- _Task statement_:
Word for word, output the data, with none of its pictures.

- _Source material_:
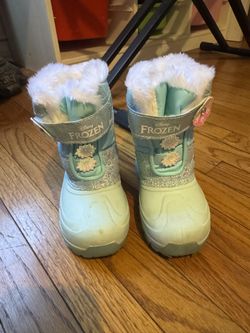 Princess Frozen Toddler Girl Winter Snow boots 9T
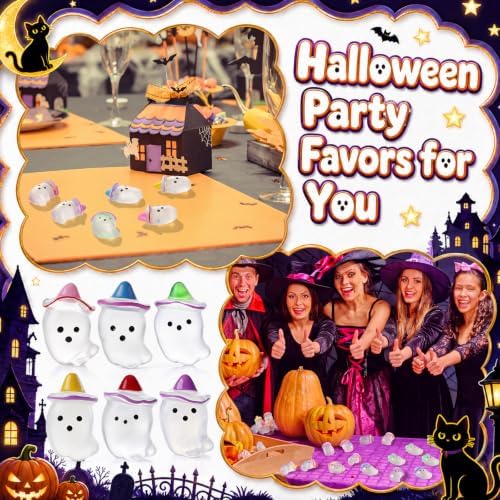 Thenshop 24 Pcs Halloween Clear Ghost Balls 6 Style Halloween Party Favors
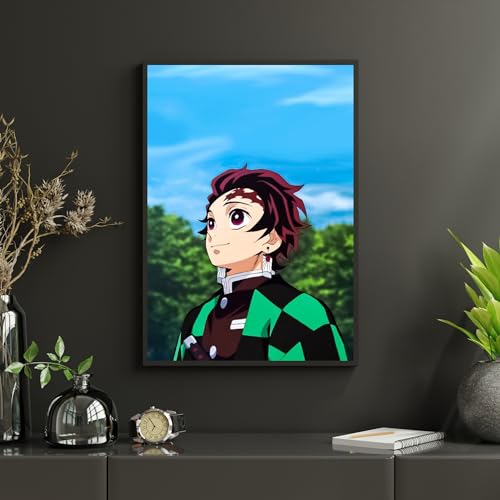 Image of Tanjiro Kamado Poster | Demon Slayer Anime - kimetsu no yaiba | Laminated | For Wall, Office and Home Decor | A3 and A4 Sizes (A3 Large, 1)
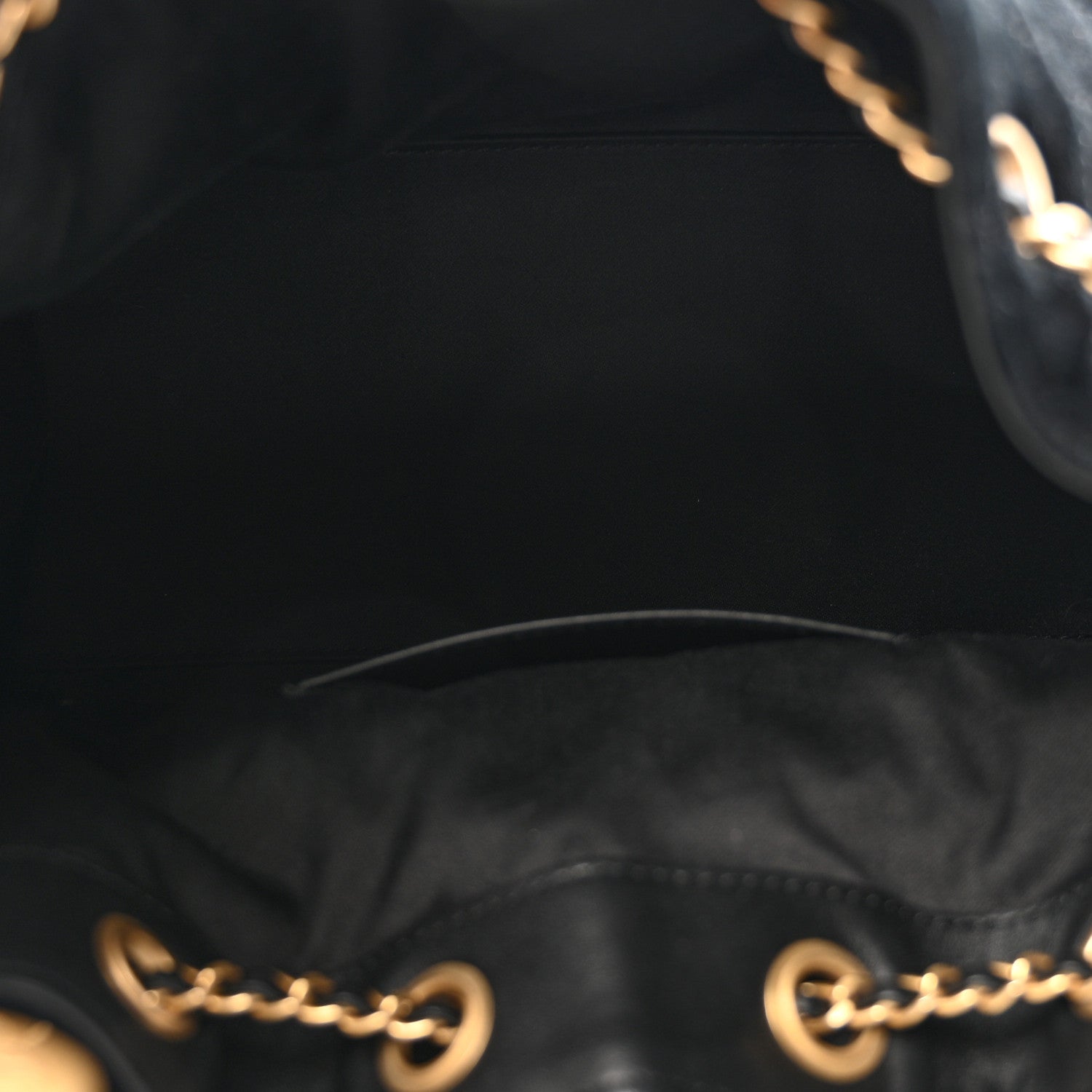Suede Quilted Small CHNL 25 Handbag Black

- _Response to the task_:
 Princess Frozen Toddler Girl Winter Snow boots 9T
 Thenshop 24 Pcs Halloween Clear Ghost Balls 6 Style Halloween Party Favors
 Image of Tanjiro Kamado Poster | Demon Slayer Anime - kimetsu no yaiba | Laminated | For Wall, Office and Home Decor | A3 and A4 Sizes (A3 Large, 1)
Suede Quilted Small CHNL 25 Handbag Black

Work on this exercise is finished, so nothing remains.